» **WORK TO BE COMPLETED**: Line by line, reproduce exactly the beginning of the listing below, ending with the line that contains "Acorn Leaf Print Pattern Umbrella-grizzshop" and adding nothing.
EXTRACTED RECORDS START
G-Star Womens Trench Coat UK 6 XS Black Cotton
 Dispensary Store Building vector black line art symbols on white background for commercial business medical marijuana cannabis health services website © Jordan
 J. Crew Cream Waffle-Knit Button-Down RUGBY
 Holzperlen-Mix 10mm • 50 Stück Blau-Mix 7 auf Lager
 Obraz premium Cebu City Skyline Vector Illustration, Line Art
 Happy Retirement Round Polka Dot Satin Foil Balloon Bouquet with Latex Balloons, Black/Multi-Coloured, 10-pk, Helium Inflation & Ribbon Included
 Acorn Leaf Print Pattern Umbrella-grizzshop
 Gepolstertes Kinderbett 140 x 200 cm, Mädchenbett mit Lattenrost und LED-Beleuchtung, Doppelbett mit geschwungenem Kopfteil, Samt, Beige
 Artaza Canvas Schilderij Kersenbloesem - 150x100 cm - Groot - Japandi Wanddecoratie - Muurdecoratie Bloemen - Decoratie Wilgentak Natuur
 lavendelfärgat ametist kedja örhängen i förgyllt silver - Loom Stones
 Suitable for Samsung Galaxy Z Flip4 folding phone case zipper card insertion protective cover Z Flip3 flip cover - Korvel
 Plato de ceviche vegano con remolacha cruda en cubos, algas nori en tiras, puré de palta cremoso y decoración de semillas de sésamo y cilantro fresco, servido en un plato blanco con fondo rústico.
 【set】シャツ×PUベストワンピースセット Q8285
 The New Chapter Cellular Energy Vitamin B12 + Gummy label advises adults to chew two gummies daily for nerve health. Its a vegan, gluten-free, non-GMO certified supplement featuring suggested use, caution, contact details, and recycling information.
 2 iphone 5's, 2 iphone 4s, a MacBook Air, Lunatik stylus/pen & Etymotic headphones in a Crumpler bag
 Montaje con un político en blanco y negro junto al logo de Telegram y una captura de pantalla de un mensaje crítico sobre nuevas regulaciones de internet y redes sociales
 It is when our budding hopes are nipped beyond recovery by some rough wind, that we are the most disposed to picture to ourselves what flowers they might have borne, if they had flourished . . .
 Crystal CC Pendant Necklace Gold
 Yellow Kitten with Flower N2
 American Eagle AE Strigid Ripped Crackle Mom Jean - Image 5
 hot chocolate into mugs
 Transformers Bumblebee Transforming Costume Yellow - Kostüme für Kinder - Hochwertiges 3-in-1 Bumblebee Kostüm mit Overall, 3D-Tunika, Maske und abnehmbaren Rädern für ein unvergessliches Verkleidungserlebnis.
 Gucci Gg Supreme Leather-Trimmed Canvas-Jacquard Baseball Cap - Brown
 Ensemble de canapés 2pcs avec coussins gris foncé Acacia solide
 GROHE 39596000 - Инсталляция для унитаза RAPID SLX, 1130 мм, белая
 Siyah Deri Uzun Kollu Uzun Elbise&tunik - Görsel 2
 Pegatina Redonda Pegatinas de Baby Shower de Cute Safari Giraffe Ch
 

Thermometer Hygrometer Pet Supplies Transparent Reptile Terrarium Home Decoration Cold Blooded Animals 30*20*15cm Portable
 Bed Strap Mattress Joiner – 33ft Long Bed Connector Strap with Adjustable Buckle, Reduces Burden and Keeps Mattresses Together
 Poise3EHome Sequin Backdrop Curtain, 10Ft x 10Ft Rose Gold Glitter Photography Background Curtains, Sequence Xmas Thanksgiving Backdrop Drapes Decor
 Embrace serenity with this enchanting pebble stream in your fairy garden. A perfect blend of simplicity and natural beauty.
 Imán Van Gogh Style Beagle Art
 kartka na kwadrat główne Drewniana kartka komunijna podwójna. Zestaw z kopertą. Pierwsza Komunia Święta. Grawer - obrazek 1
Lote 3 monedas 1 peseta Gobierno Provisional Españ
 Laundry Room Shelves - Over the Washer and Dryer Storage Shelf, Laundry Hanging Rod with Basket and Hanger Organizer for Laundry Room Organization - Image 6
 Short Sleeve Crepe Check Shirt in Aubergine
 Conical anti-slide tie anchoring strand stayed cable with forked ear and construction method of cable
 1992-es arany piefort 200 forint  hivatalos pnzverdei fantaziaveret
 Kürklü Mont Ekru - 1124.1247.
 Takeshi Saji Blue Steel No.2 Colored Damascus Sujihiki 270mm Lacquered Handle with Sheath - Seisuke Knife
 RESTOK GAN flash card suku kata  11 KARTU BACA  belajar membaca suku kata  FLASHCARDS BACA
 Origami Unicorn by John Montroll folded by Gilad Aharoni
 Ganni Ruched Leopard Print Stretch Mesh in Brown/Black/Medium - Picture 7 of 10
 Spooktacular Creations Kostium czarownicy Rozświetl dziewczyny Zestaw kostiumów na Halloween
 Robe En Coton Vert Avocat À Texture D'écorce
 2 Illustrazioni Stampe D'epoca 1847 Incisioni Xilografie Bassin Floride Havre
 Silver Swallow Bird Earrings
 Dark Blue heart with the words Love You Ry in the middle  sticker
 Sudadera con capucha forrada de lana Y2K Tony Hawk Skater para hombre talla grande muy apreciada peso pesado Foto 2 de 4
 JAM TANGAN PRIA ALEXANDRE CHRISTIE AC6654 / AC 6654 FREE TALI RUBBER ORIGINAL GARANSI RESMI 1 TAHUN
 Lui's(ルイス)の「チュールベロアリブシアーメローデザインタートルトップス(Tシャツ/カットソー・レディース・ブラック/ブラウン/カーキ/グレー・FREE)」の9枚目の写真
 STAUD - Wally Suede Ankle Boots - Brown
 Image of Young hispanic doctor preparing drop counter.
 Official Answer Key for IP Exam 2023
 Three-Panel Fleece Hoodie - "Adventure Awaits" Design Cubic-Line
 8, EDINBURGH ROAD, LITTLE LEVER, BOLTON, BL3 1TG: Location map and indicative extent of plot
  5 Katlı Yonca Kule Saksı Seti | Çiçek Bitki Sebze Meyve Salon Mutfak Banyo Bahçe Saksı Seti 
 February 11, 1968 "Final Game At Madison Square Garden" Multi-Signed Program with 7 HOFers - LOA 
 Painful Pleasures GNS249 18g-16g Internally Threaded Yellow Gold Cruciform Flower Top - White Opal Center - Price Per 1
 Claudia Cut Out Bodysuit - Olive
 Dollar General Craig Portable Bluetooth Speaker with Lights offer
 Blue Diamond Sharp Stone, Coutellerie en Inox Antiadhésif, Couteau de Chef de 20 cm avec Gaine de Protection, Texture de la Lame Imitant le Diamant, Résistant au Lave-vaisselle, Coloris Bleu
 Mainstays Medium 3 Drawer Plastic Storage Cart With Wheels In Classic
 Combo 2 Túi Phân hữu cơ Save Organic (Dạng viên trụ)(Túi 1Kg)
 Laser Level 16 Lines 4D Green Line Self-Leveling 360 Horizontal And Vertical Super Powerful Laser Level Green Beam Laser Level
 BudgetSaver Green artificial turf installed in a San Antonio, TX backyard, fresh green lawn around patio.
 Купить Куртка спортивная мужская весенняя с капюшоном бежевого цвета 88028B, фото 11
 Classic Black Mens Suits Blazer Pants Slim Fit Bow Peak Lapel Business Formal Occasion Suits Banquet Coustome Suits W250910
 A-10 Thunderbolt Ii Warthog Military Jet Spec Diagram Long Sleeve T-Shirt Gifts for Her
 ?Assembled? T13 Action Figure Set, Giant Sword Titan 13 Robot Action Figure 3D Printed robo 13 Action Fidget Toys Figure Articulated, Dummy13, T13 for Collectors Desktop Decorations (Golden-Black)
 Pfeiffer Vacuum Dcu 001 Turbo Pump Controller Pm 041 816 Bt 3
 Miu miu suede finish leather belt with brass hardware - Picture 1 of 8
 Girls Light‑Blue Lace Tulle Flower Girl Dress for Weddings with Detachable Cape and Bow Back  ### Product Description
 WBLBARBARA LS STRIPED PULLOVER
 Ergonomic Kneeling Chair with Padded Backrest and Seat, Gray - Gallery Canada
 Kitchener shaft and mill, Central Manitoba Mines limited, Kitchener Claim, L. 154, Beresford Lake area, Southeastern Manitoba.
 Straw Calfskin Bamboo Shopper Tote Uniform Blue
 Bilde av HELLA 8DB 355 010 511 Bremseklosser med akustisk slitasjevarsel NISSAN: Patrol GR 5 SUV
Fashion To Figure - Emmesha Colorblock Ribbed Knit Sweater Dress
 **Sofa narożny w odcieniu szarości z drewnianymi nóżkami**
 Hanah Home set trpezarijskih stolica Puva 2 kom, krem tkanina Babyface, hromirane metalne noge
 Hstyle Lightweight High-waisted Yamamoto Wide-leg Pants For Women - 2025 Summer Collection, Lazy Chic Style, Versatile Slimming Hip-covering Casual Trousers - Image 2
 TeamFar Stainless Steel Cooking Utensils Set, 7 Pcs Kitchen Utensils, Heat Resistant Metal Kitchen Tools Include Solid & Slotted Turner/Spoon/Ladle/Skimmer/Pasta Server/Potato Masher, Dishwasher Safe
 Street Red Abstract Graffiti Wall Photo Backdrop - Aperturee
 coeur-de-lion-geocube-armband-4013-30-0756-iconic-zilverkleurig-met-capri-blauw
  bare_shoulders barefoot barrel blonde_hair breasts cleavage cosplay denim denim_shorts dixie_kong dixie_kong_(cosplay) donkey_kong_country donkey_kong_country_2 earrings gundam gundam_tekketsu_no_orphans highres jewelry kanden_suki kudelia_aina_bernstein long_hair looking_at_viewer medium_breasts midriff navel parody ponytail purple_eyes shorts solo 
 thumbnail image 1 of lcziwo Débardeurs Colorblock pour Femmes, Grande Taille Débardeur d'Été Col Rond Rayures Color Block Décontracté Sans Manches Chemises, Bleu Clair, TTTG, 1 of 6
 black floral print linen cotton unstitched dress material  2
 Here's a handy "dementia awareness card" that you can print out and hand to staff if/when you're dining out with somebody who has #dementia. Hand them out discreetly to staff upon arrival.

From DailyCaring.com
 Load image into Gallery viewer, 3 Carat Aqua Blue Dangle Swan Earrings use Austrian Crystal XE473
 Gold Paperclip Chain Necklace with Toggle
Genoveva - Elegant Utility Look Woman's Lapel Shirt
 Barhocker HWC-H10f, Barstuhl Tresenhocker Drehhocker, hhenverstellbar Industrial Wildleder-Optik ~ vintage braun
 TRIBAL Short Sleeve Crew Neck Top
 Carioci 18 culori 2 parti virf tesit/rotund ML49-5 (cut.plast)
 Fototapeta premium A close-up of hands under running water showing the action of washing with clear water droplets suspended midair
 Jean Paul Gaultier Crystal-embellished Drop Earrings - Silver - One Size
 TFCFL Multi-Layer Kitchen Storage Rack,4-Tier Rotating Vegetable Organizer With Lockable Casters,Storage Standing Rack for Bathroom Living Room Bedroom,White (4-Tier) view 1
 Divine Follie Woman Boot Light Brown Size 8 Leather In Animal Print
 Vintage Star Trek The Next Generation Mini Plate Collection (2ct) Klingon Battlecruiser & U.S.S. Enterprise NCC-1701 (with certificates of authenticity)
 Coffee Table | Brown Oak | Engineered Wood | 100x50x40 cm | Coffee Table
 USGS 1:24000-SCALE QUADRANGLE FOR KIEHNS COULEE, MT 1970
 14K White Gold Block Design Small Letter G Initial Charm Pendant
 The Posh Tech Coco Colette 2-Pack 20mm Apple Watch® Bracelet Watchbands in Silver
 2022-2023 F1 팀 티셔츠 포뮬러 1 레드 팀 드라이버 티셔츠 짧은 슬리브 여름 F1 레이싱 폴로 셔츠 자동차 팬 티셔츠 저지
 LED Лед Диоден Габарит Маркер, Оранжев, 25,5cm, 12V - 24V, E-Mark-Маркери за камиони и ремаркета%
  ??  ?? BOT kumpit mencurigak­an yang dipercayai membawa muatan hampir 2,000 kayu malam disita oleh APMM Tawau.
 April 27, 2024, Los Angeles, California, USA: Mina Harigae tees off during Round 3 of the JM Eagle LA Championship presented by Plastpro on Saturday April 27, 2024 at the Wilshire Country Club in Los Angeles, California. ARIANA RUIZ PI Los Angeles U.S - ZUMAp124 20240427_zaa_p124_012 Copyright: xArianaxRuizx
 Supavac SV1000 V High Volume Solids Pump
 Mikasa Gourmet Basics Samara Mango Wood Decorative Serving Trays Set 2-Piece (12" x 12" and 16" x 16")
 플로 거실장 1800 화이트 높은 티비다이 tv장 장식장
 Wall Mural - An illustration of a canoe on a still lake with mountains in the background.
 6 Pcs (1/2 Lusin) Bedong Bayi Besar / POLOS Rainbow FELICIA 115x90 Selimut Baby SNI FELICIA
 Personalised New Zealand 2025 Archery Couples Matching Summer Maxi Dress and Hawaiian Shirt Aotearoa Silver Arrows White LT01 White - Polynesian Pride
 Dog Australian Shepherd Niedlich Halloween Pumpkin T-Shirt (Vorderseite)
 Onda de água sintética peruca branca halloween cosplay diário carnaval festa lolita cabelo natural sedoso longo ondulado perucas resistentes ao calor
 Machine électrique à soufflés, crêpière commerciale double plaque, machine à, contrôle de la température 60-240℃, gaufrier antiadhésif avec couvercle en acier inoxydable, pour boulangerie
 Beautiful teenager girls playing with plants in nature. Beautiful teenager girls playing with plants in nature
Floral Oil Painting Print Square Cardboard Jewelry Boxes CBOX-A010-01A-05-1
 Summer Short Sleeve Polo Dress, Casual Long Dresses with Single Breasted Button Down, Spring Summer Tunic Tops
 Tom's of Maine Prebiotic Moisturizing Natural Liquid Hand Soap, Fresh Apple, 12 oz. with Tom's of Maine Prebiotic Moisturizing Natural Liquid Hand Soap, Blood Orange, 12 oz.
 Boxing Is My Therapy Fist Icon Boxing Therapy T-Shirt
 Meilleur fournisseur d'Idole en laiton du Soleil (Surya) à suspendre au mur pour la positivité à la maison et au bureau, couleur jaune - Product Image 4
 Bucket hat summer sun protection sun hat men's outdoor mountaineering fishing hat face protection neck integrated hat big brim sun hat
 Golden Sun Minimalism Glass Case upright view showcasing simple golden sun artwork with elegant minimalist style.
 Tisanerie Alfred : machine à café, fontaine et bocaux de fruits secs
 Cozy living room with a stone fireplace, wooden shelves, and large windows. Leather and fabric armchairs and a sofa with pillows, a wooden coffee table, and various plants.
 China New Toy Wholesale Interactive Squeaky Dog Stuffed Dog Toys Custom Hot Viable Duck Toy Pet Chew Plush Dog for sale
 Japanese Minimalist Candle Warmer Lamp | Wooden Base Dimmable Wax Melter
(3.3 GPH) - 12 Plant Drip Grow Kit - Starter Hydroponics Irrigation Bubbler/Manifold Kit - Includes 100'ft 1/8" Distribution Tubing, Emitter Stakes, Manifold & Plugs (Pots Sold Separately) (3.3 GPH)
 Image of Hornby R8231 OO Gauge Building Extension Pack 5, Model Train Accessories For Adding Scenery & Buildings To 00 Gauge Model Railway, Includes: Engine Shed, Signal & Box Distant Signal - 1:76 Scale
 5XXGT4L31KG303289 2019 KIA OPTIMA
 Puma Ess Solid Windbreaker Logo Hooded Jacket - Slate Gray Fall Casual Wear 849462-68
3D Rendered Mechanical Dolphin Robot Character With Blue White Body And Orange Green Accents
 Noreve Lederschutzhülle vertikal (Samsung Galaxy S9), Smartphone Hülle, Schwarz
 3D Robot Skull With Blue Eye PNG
EXTRACTED RECORDS END
» **TASK RESULT**:
G-Star Womens Trench Coat UK 6 XS Black Cotton
 Dispensary Store Building vector black line art symbols on white background for commercial business medical marijuana cannabis health services website © Jordan
 J. Crew Cream Waffle-Knit Button-Down RUGBY
 Holzperlen-Mix 10mm • 50 Stück Blau-Mix 7 auf Lager
 Obraz premium Cebu City Skyline Vector Illustration, Line Art
 Happy Retirement Round Polka Dot Satin Foil Balloon Bouquet with Latex Balloons, Black/Multi-Coloured, 10-pk, Helium Inflation & Ribbon Included
 Acorn Leaf Print Pattern Umbrella-grizzshop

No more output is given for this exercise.